The corollary question every chief executive should ask of his or her top security officer: “Does our organization have a way to detect unauthorized access to our data?” According to the recent SANS 2013 Critical Security Controls survey, less than 10 percent of companies actually have proactive monitoring of security controls, the area that governs unauthorized access.

Employees and contractors with boundless privilege to access sensitive data present greater risk of intentionally, accidentally, or indirectly misusing that privilege and potentially stealing, deleting, or modifying data. Human nature is the weakest link when it comes to the intersection of people, process, and technology—the three tenants of security—and the Edward Snowden blunder is a perfect example.

According to Michael Hayden, former director of the NSA and the CIA, no more than 22 personnel at NSA were to have access to the highly classified data, which included about 1 billion-plus records per day. One can assume that these individuals should be internal analysts who have gone through extensive background checks, who are very experienced in dealing with highly confidential data, and who are employees of NSA. We can also assume that these individuals have special privileges to access these data in a highly secure manner.

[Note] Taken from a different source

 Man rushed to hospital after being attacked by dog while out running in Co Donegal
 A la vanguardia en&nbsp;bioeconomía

I have no special knowledge of the NSA’s internal workings, but it appears that somehow this protocol was not followed, and Snowden, a contractor, was given access to this information with no mandatory monitoring, a clear violation of controls and a breakdown of process.

While technologies do exist to enforce access rights, privileges, and policies, the technology is only as good as the people and processes that are put into place. If people who manage these technologies decide to circumvent the technology’s ability to enforce policies, or make an exception, or ignore violations, or do not instill sufficient supervisory mechanisms, then the technology will fail.

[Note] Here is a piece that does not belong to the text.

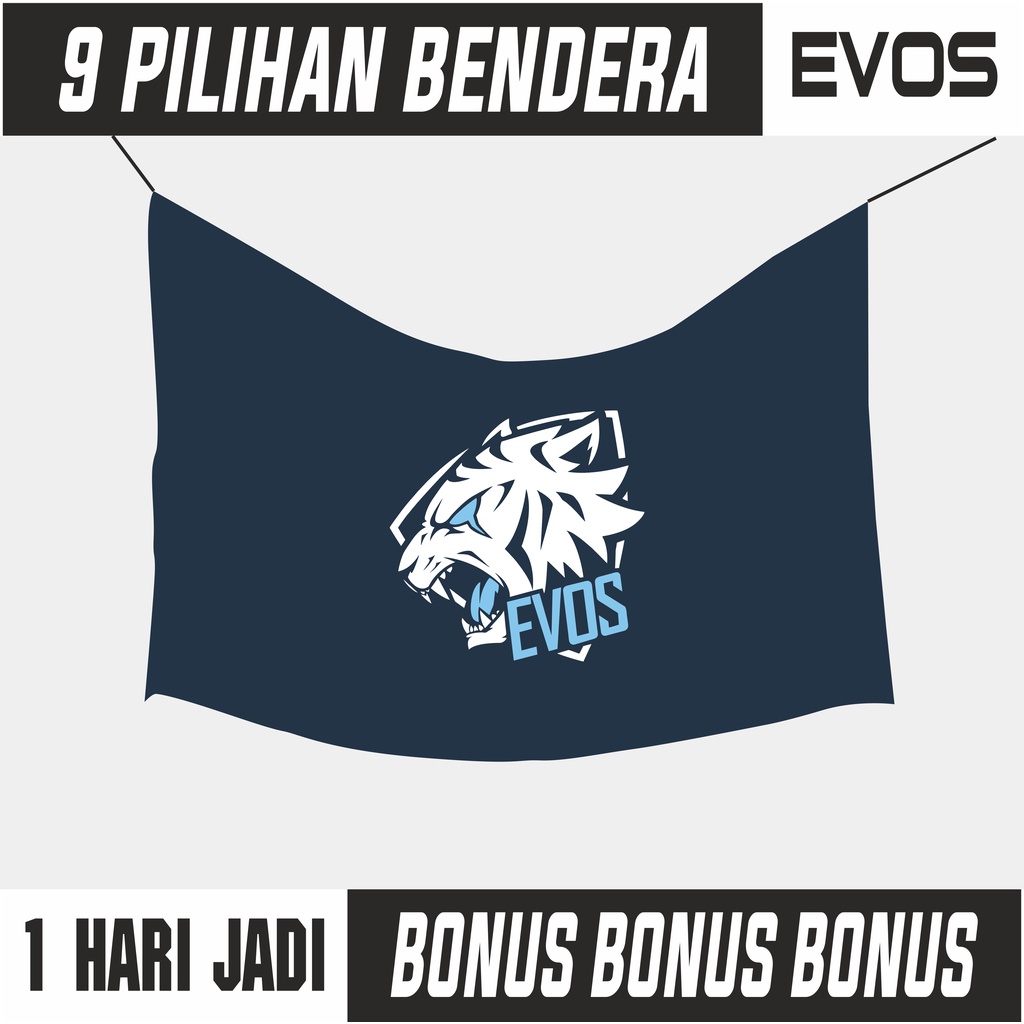 Bendera Evos Esport untuk hiasan dinding EVOS ROAR EVOS LEGENDS FLAG EVOS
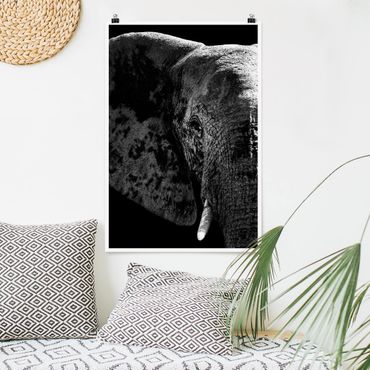 Poster - African Elephant Bianco e nero - Verticale 3:2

Another issue to be looked at from a technological perspective is the complete lack of continuous monitoring and auditing of the users, process, and security controls in a unified fashion by the NSA.

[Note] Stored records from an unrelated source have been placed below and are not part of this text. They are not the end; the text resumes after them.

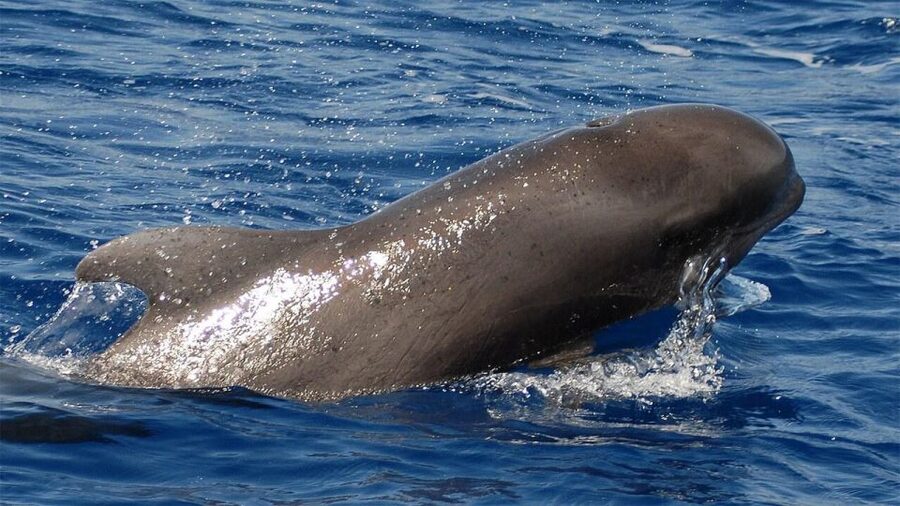 Tenerife: Eco-Yacht Whale and Dolphin Watching and Swimming - How the 90 minutes actually play out on the water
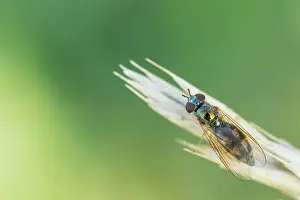 Nature Outdoor Photography Prints: Marco image of an insect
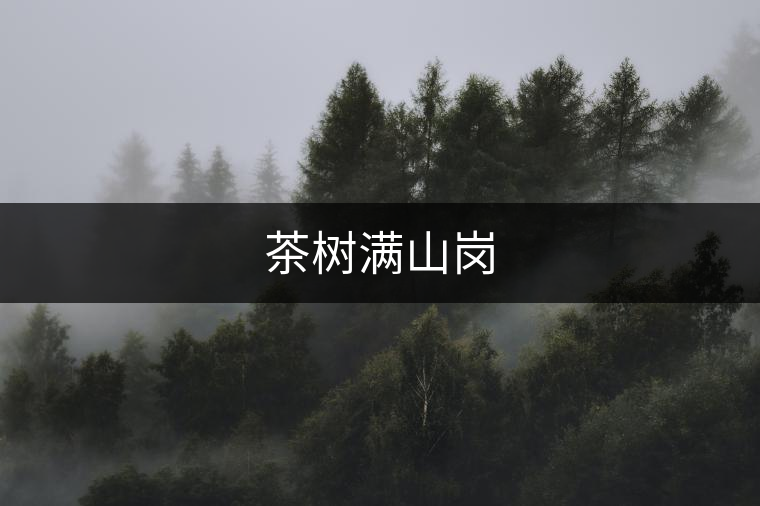 茶樹滿山崗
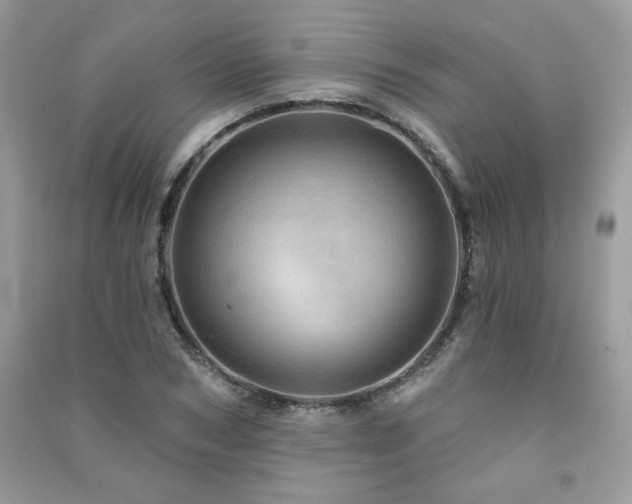 X0000091290978200708101243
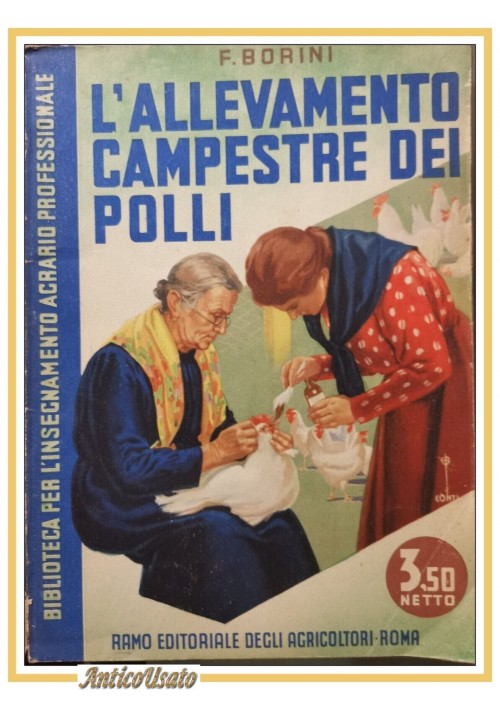 esaurito - L'ALLEVAMENTO CAMPESTRE DEI POLLI di Borini 1941 libro illustrato sull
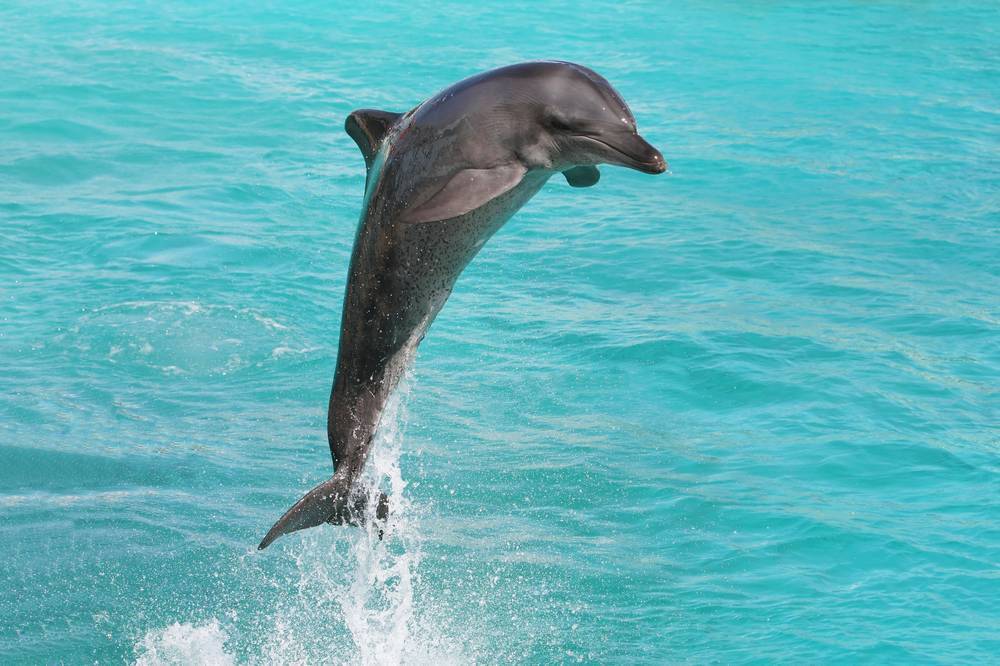 海豚图片海豚爱情的守护神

If someone at the NSA were monitoring, analyzing, and auditing all network, user, and system activity, policy enforcements, etc., to identify abnormal behavior and usage patterns, most likely Snowden’s access to sensitive data, the connection of removable media and copying of these data would have drawn red flags. It is possible that the data and signals from individual products, such as a USB monitoring solution or a database activity monitoring system, would have captured these data, but the individual administrators who were looking at each data point in isolation were not able to connect the dots. If the NSA had adopted technology that pulled all information into a single database and automatically correlated the data in a unified fashion, it would have detected a potential breach or policy violation.

Unfortunately the Snowden situation of privileged access to sensitive data with lack of sufficient checks and balances is an all too familiar story in the private sector. Executive management tends to have a checkbox mentality when it comes to security (i.e. do what is absolutely necessary to pass a government or industry mandate) or lack the knowledge to realize that their intellectual property and business is at risk for lack of sufficient security controls.

With traditional network perimeters becoming increasingly porous with the introduction of BYOD, mobile devices, and cloud infrastructure, organizations need to implement security best practices, such as SANS 20 Critical Security Controls, to protect against cyberattacks and espionage. This requires resources and budget commitment from C-level management.

The Snowden debacle should be a wake-up call in both the public and private sectors to adopt an approach that provides complete awareness and continuous, automated monitoring of critical security controls to reduce real risk and real threats to their business.